▶ **EXERCISE REQUIREMENTS**
Restate the records below exactly. Pictures are not part of the copy.

[Crawled caption data]
──────
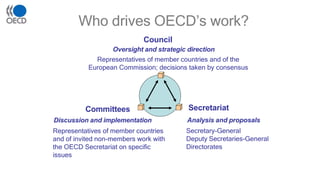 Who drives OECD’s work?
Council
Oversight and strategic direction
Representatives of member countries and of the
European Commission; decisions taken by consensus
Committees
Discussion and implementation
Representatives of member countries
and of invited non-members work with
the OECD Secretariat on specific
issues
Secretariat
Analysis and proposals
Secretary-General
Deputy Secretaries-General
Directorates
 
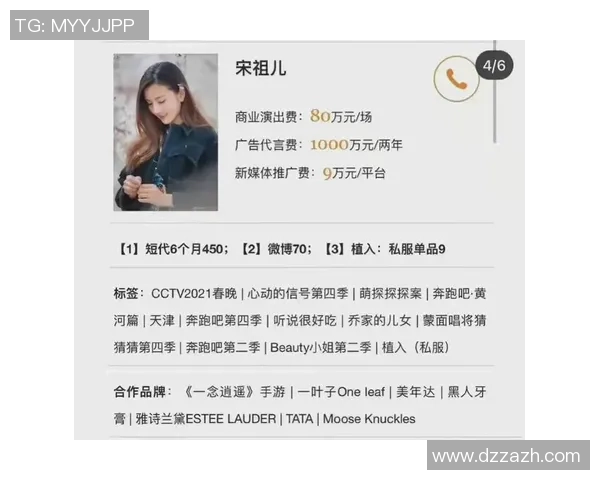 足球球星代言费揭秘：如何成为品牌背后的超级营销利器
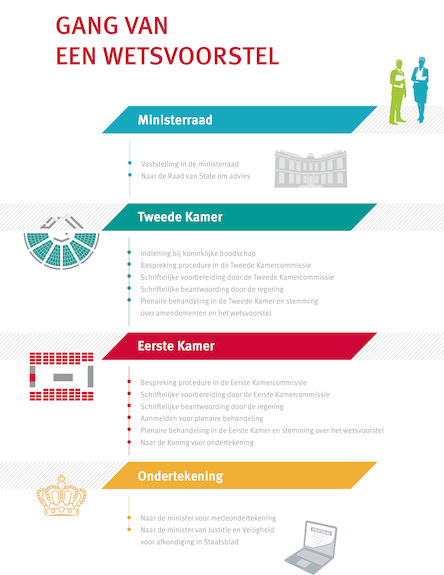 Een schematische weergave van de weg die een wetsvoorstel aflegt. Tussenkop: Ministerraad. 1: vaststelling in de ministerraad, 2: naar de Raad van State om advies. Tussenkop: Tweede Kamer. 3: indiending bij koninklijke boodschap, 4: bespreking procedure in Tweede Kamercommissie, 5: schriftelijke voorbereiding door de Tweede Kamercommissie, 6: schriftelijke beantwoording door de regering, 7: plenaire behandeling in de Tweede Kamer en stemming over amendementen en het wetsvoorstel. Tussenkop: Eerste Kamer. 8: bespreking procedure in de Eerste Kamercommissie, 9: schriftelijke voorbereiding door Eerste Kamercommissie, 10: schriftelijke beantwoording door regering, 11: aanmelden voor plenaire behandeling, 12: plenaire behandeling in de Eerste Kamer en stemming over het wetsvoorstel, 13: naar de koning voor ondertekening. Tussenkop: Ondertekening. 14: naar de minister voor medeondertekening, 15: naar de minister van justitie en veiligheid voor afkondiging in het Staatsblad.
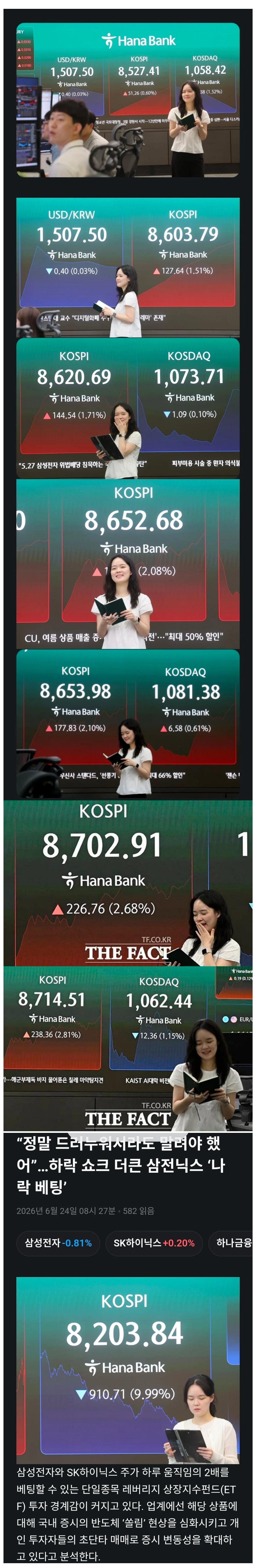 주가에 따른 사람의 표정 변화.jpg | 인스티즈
──────
▶ **FINAL ANSWER**
 Who drives OECD’s work?
Council
Oversight and strategic direction
Representatives of member countries and of the
European Commission; decisions taken by consensus
Committees
Discussion and implementation
Representatives of member countries
and of invited non-members work with
the OECD Secretariat on specific
issues
Secretariat
Analysis and proposals
Secretary-General
Deputy Secretaries-General
Directorates
 
 足球球星代言费揭秘：如何成为品牌背后的超级营销利器
 Een schematische weergave van de weg die een wetsvoorstel aflegt. Tussenkop: Ministerraad. 1: vaststelling in de ministerraad, 2: naar de Raad van State om advies. Tussenkop: Tweede Kamer. 3: indiending bij koninklijke boodschap, 4: bespreking procedure in Tweede Kamercommissie, 5: schriftelijke voorbereiding door de Tweede Kamercommissie, 6: schriftelijke beantwoording door de regering, 7: plenaire behandeling in de Tweede Kamer en stemming over amendementen en het wetsvoorstel. Tussenkop: Eerste Kamer. 8: bespreking procedure in de Eerste Kamercommissie, 9: schriftelijke voorbereiding door Eerste Kamercommissie, 10: schriftelijke beantwoording door regering, 11: aanmelden voor plenaire behandeling, 12: plenaire behandeling in de Eerste Kamer en stemming over het wetsvoorstel, 13: naar de koning voor ondertekening. Tussenkop: Ondertekening. 14: naar de minister voor medeondertekening, 15: naar de minister van justitie en veiligheid voor afkondiging in het Staatsblad.
 주가에 따른 사람의 표정 변화.jpg | 인스티즈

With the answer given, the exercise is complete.